**Exercise**
Which lines of the entries below contain the string "Waist"? Copy each one.

**Listed entries**
--
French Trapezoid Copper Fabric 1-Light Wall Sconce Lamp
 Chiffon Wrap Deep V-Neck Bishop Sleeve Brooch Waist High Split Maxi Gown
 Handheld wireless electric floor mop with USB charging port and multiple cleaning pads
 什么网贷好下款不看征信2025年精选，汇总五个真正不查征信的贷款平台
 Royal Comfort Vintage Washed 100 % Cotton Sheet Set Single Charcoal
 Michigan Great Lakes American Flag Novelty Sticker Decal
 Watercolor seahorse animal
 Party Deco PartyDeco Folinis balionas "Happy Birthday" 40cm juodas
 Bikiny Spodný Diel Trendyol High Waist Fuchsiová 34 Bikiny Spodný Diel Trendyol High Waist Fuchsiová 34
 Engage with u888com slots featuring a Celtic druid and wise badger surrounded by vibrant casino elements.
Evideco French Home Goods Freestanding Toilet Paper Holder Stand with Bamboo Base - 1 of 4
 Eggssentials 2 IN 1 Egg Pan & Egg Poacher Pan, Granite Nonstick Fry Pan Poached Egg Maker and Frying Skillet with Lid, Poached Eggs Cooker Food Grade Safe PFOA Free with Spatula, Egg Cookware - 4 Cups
--
**Result of this task**
 Chiffon Wrap Deep V-Neck Bishop Sleeve Brooch Waist High Split Maxi Gown
 Bikiny Spodný Diel Trendyol High Waist Fuchsiová 34 Bikiny Spodný Diel Trendyol High Waist Fuchsiová 34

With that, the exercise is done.